I would have to pass on this one , no qctp .


----------



## middle.road (Feb 5, 2020)

mmcmdl said:


> I would have to pass on this one , no qctp .


There's no 'Quick' anywhere on that poor puppy.


----------



## DavidR8 (Feb 5, 2020)

No QCGB... though it might have all the change gears. Rusted together!


----------



## ttabbal (Feb 5, 2020)

Only need about 400 gallons of evaporust... 

Might not be much left though...


----------



## Superburban (Feb 5, 2020)

Interesting chuck on it. If you can see past the rust.


----------



## C-Bag (Feb 5, 2020)

DavidR8 said:


> No QCGB... though it might have all the change gears. Rusted together!


No problem, it's in good shape when it was taken out of service 20yrs ago and put outside uncovered. Besides its only surface rust....NOT! If I had a nickel for every time I read those words I could buy a new machine.


----------



## Superburban (Feb 5, 2020)

Its a protective oxide coating. Or the optional iron oxide finish. Hard to tell which from the pic.


----------



## C-Bag (Feb 5, 2020)

I've come to appreciate the difference between the look of dust and dirt encrusted oil and rust.

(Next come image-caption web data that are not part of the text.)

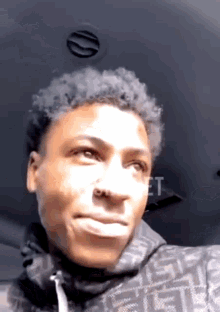nba youngboy rapper chewing smile kiss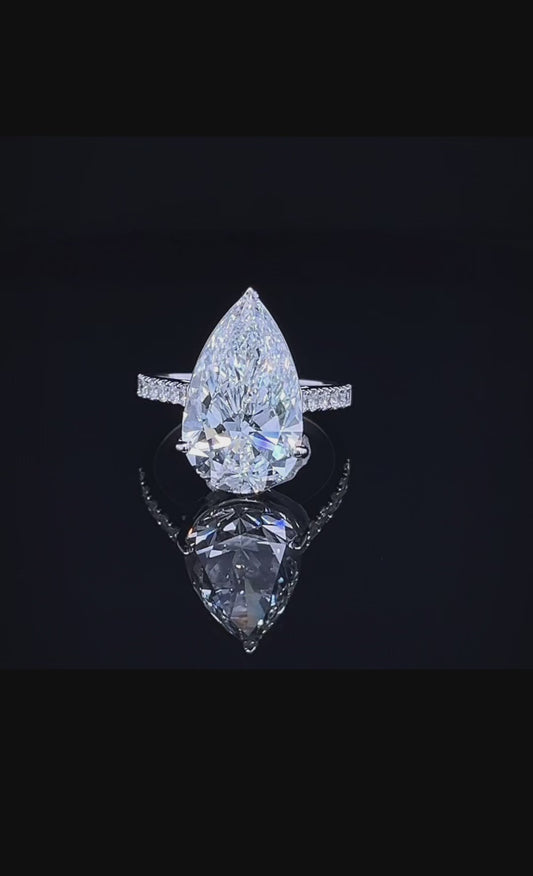 7CT PEAR WITH SIDE DIAMOND RING (ARJS3243)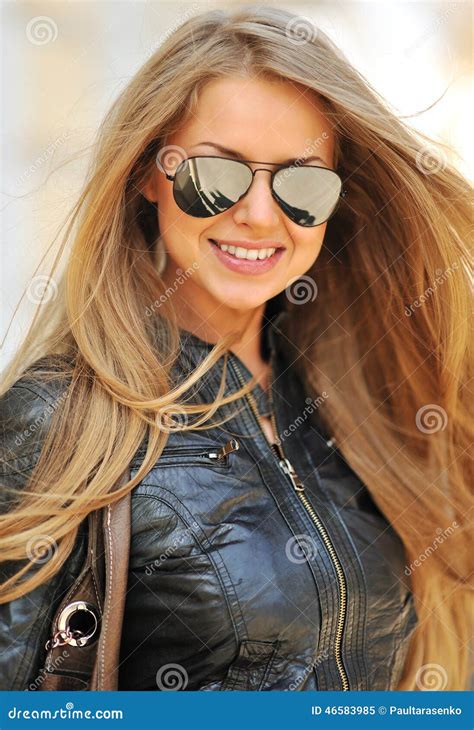 Fashion Portrait Of Beautiful Smiling Woman Wearing Sunglasses Stock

I can only think somebody with something as deeply rusted as this has no clue there are precision surfaces involved that evaporust can clean but won't repair the pits. Oil encrusted dust and dirt can be cleaned off and while it looks AWEFUL seems to act as a preservative. Not so in this case. There is no sign oil anywhere.


----------



## eeler1 (Feb 6, 2020)

A file and some sandpaper, maybe use the angle grinder, and it’s as good as new.


----------



## NCjeeper (Feb 6, 2020)

middle.road said:


> Yes it is.
> Remove the legs,


Yep I would offer up 100 bucks to get the legs and scrap the rest.


----------



## middle.road (Feb 6, 2020)

NCjeeper said:


> Yep I would offer up 100 bucks to get the legs and scrap the rest.


Grab the tail stock for me pls, I'll go in for $20.   
I remember looking for legs for my Logan back around the turn of the century, $200-250...


----------



## C-Bag (Feb 6, 2020)

NCjeeper said:


> Yep I would offer up 100 bucks to get the legs and scrap the rest.


Yup, Or weld a chain to it and use it for a boat anchor.


----------



## middle.road (Feb 6, 2020)

Have to say it, but we could cut out cast iron pieces to use on other projects, couldn't we?


----------



## C-Bag (Feb 6, 2020)

Like slice the bed into 12" chunks to practice scraping?


----------



## FanMan (Feb 7, 2020)

What blows my mind is that even the [presumably] chromed handles have an even patina of rust...


----------



## Barncat (Feb 7, 2020)

I have passed on farm equipment that was that rusty and moss covered, couldn't imagine buying a piece of precision equipment like that. I really don't know what people are thinking. In the same FB marketplace search there are two monarchs for 500 and 800. Do people not look around at what else is for sale?


----------



## Janderso (Feb 7, 2020)

Wow, just wow.


----------